The authors of this paper ask a philosophical question based on a principle called the Identity of Indiscernibles (from the philosopher Leibniz): If two scenarios look exactly the same to every possible measurement, but differ only in the size of the ruler used to measure them, are they actually different?

They argue no. If you can't measure the difference, the "size of the ruler" is a redundant, unnecessary piece of information. So, they decided to throw the ruler away.

The Problem: What Happens When You Throw Away the Ruler?

In standard physics, if you remove the ruler, you lose the ability to describe how energy is conserved. It's like trying to bake a cake without measuring cups. If you just guess the amount of flour, the recipe breaks.

Usually, when physicists remove a variable, the math stops working or becomes incomplete. However, the authors found a clever workaround.
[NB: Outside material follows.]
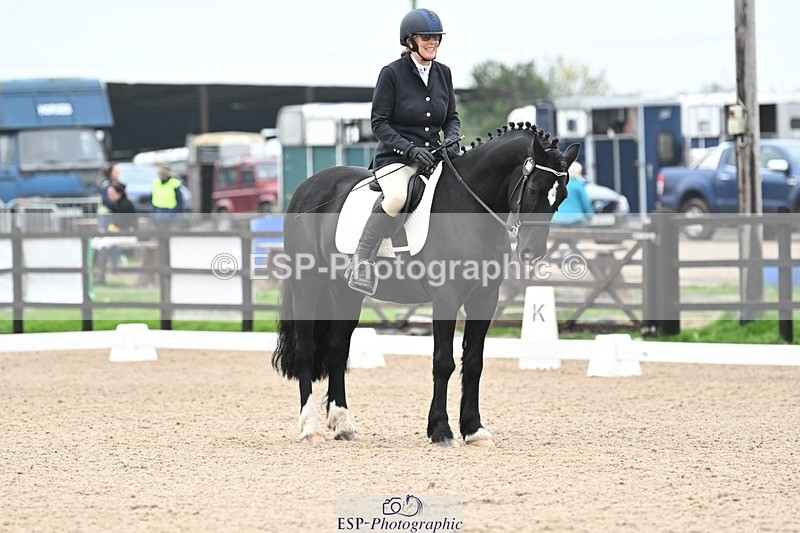 241103-095005-00217 - Intro 3 - 9.40 to 10.40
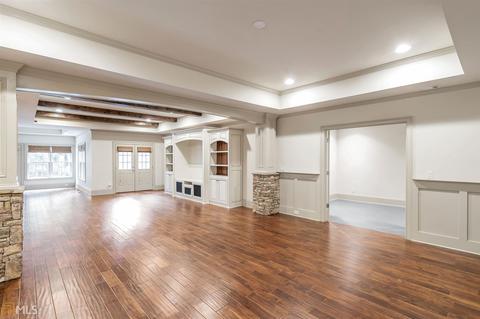 9040 Coventry Pt, Suwanee, GA 30024 photo 33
They realized that by removing the "ruler" (the scale), the universe doesn't just become "scale-free"; it becomes dissipative (like something with friction).

The Analogy:
Imagine you are driving a car.

• Standard Physics: You have a speedometer and a fuel gauge. You know exactly how much energy you have, and energy is conserved (you can't create or destroy it, only use it).
• This New Theory: You throw away the fuel gauge (the scale). Now, the car still drives, but the engine behaves differently. It acts as if there is friction in the system. The car loses energy not because it hit a wall, but because the "ruler" is gone. The math now includes a "friction term" to compensate for the missing scale.

How They Did It: The "Action-Dependent" Trick

The authors used a mathematical tool called Herglotz variational principles. In normal physics, the "Action" (a value that determines how a system moves) is just a number you calculate at the end.

In this new theory, the Action is treated as a living variable. It's like a character in a video game that changes the rules of the game as it moves.

• Normal Physics: The rules are fixed; the character moves.
• This Paper: The character's movement changes the rules, and the changing rules affect the movement.

This creates a system that is non-conservative. In everyday terms, energy isn't perfectly conserved in the traditional sense because it is constantly being exchanged between the geometry of space (the shape of the room) and this new "Action" variable (the friction).

What They Found: The Results

1. The First Order (Simple Waves): Everything Looks Normal
When they looked at small ripples in spacetime (gravitational waves) moving through a flat background, the math worked out perfectly.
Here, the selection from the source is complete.